Connecting People with Nature

Another Symbol of the Wilderness in Peril

By Naturalist William Hudson

The dictionary defines the word synergy as "The interaction of two or more agents or forces so that their combined effect is greater than the sum of their individual effects."

In Nature, synergy is usually a good thing, and the world is full of fascinating synergistic relationships that make up the threads of every healthy ecosystem. Unfortunately, negative synergies are also possible, particularly when a number of human-caused insults to an ecosystem combine to make a bad situation worse. The tragic die-offs of thousands of loons and other diving birds along our Great Lakes shorelines over the last several years are an alarming example of this phenomenon.

Loon die-offs human-caused

In a recently released report, the NYDEC estimated that since the year 2000, over 50,000 fish-eating birds in the New York waters of Lakes Erie and Ontario, many of them loons, have suffered from the horrible slow death of botulinum poisoning. Botulism is a neurotoxin-induced muscle paralysis caused by Clostridium botulinum, a naturally occurring bacterium involved in the decay of plants and animals. Although there are at least seven types of Clostridium botulinum bacteria, each requires a rich nutrient source and a lack of oxygen to proliferate. Type-C botulism has been known for many years to cause occasional die-offs of puddle ducks in warm, overly fertile ponds or wetlands, and Type-E has caused small, sporadic die-offs of fish-eating birds, primarily in the Great Lakes. In recent years, however, something has changed. Outbreaks of Type-E poisoning have been much more common and widespread, occurring in each of the last six years and involving many more birds. Although the exact mechanism is poorly understood and not well-researched, it appears that a combination of man-caused phenomena is responsible for this alarming epizootic.

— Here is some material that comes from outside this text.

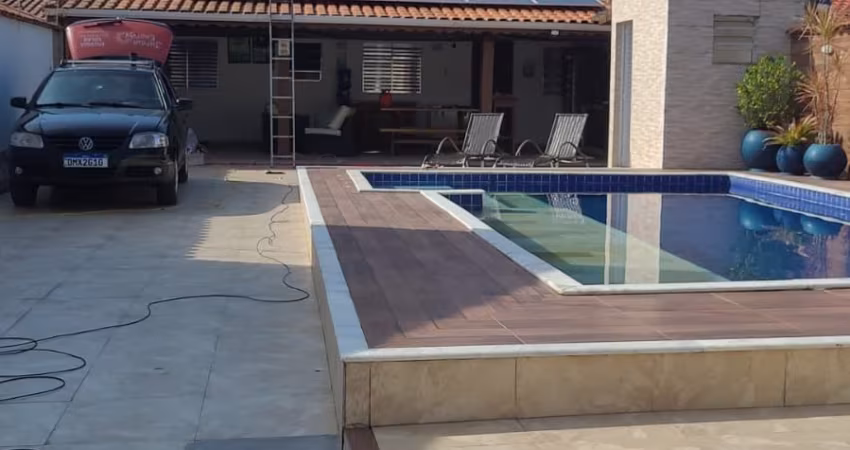 Casa lado praia no Jardim Regina em Itanhaém-SP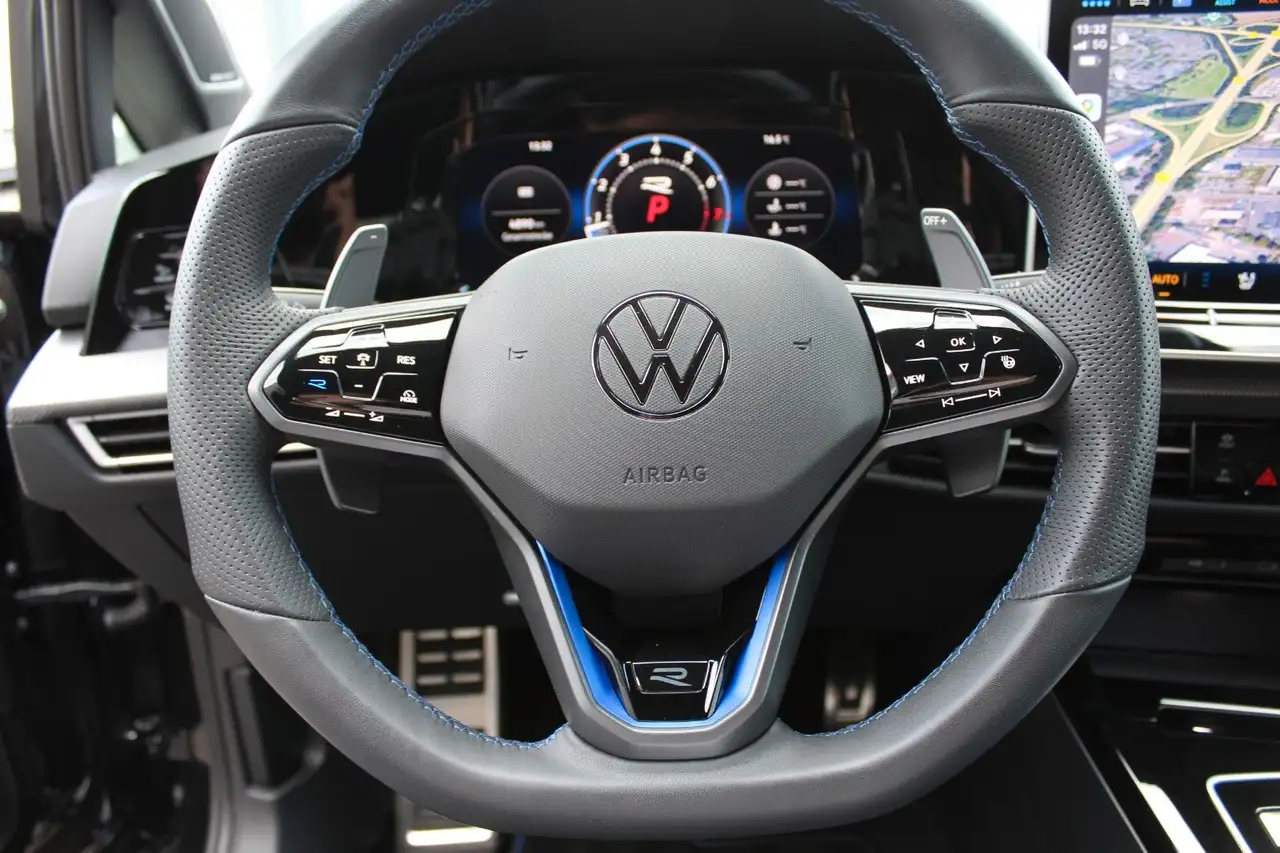 Volkswagen Golf R VIII Lim. 2.0 TSI 4Motion Black Edition — معرض صور السيارة 8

Invasive Species and Polluted Runoff Combine with disastrous results

Here's how we think this negative synergy works: our combined sewer and sanitary sewer overflows, lawn chemicals, and agricultural run-off, still at levels far higher than Clean Water Act targets for the mid-1980s, have made our lakes overly fertile. Non-native zebra and quagga mussels, brought from Eurasia by freighters, have filtered the water of the Great Lakes, allowing greater light penetration into deeper waters. The excessive nutrients and increased light allow algae, like the pale green cladophera that piles up on our beaches every summer, to proliferate. When the blooms of algae die and collect on the bottoms of the lakes, they provide the food source and create the anaerobic conditions needed for the growth of botulism producing bacteria. Warmer than average water temperatures in recent years may also contributing to this toxic growth.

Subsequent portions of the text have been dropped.